Published in the United Service magazine, Vol. XXIII [New Series], April 1901 to September 1901, 1901 (Reprinted from the Army and nacy gazette of April 13th, 1901).
1. Strategy is the science of handling troops in the theatre of war so that they shall as often as possible be where the enemy least desires or expects them.
2. Tactics is the art of handling troops on the battlefield so that they shall incur the minimum loss compatible with inflicting the maximum upon their opponents.
3. Strategic mobility is the product of organization and endurance.
4. Tactical mobility is the product of "battle-drill" and personal courage. For its results it depends upon the general proficiency of units and the skill or instinct of individuals.
5. The Art of war is the application of common sense to the "use of ground;" upon the principle that ground enables us to conceal our weakness and to use our strength.
6. Fitness for command is displayed by those who having military brains of their own know also how to utilize those of others.
7. Councils of war are usually the offspring of incompetence and heralds of disaster.
8. A "Strong-man" is one whom anyone can convince but whom nobody can persuader. Councils of war may sometimes assist such men; but to the obstinate they are useless and to the weak dangerous.
9. The Right thing to do is the most efficient compromise between the ideal and the practicable.
10. Consistency is better than brilliancy—an inferior plan well executed is preferable to a good one hindered by vacillation.
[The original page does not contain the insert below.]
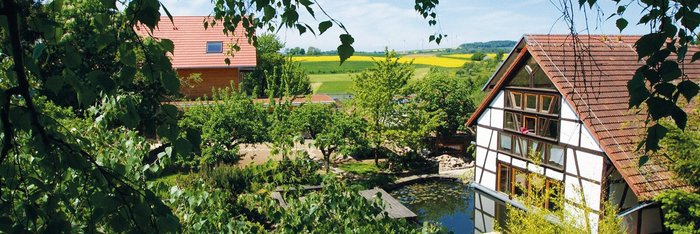 Idyllisch in die Natur eingebettet liegt das Rosenberg Gesundheits- und Kurzentrum in Birstein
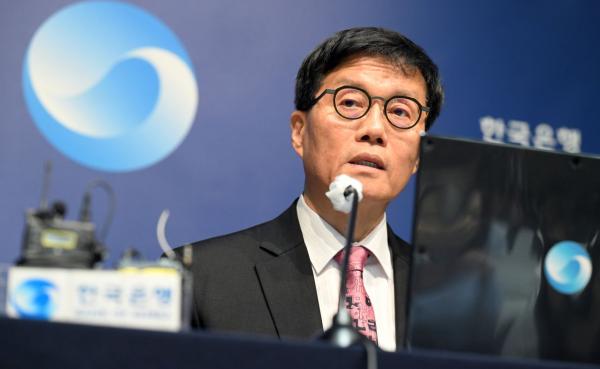 "가계부채 부담에 무게 실렸다"…한은, 7월 금리 동결(상보)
11. Good fortune is better than brains. The possession of both is rare, but where it is found the combination is invincible—while it lasts.
12. Greatness, in the eyes of contemporaries, is measured by success. Posterity sometimes pays due homage to merit.
Hannibal was ruined at Zama, Napoleon at Waterloo, yet posterity almost forgets the victors in its admiration for the greater careers of the vanquished. perhaps at the "Warrior's Club" in Elysium, Hannibal and Napoleon stand on the hearth-rug, whilst Scipio, Wellington and Blucher listen reverently to expositions on the art of war! So, also a number of our generals may some day sit at the feet of De Wet.